Am I going to wail and bitch about it? Nah. Will undoubtedly find other things to wail and bitch about instead.
Do I feel like I ever want to eat again? Noooooo, even the idea is nauseating right now.

Any chance of having made Disappearing progress this week? Nah - An unofficial weigh-in this morning put me at exactly the same as last week's official weigh-in. Add a major Indian blow-out to the picture and progress - notsomuch. Indeed, I'll be lucky to hold the line.

Waah, waah, deadlines, deadlines, etc etc. Will be stricter this week coming up, and hope to crack my way into the 17s finally by a week tomorrow.

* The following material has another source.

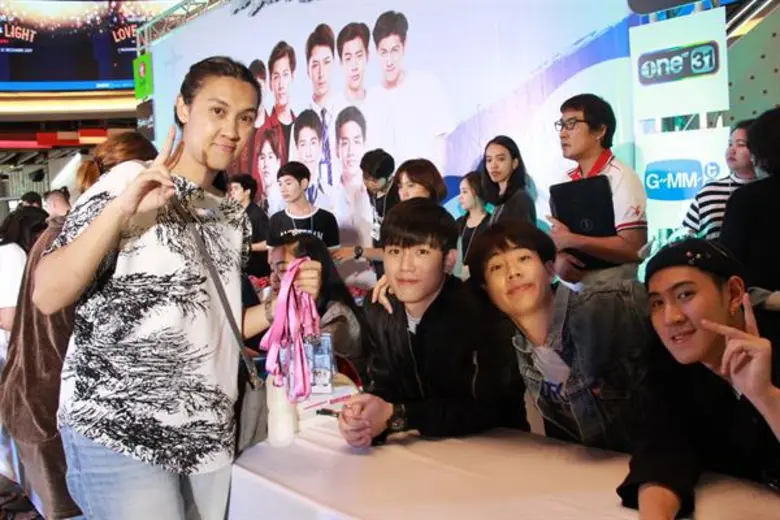 SOTUS S NATION Y FAN MEETINGห้างทะลัก!!! แฟนๆ แห่จองบัตร “” “คริส-สิงโต” ปลื้มหนัก นำทีมให้บัตรกับมือ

While we sat having lunch at Spice Quarter, an Indian place that was new to us though, I noticed something.
'Oh, that explains that,' I said.
'What?' asked d, swllowing a mouthful of butter chicken.
'We're opposite a porn shop,' spearing some chicken jalfrezi.
d coughed.
'What?' she said again, perhaps not unreasonably.
'We always have good food when we're opposite a porn shop,' I said, nodding across at 'Colin's Books - Adult Entertainment Only - DVD's from £10' - yes of course the most annoying thing about that was the misplaced apostrophe in 'DVD's,' I'm an editor, goddammit.
'Oh.' d thought about it for a moment. 'Like Carluccio's?'
'Exactly,' I agreed - there's a Private shop which pretty much fills the view from our local Carluccio's restaurant. 'Actually, come to think of it, last time we discovered a kick-ass Indian place in Cardiff it was Spice Berry - riiiight next to Colin's Books.'
'Yyyyeah,' she acknowledged. 'You don't think perhaps we're just lazy when we're hungry and end up in the same street?
'And that other place,' I said, ignoring the impact of laziness almost completely, 'the one in London. Can't remember...'
'Oh, the Lido pastry place with those beautiful desserts!'
'That's the one, by the big place with...was it rubber outfits or somesuch?'
d pulled her glasses just a little down her nose, grinned and looked at me over the rims. 'I really don't recall, dear.'
'Oh - that Chinese place in Paris, right around the corner from the Moulin Rouge.'
She muttered something about the only good meal we had on our Parisian honeymoon.
'Well, to be fair - I didn't realise I'd booked us into a hooker-hotel in the red light district. People probably weren't going to the area for the quality of its bouillabaisse, dear.'
'True,' she said. 'To this day, nothing says Paris like moo goo gai pan.'
I shrugged. 'See? Good food opposite or next to porn joints.'
She kept up the grin, as if giving my proposition some serious thought.
'So what are you saying? I should open up a diner and just called it Grey's? Offer different service levels? Buy two desserts, get an appliance of your choice free?'
'Hmm,' I agreed. 'Fifty Shades of Frossssssting...'
'Down boy,' she laughed. 'Deadlines, remember?'
So if there's a conclusion we could pass on to the world, I guess it would be this: if you're looking for good food - go in search of porn.

But don't perhaps do so the day before a weigh-in.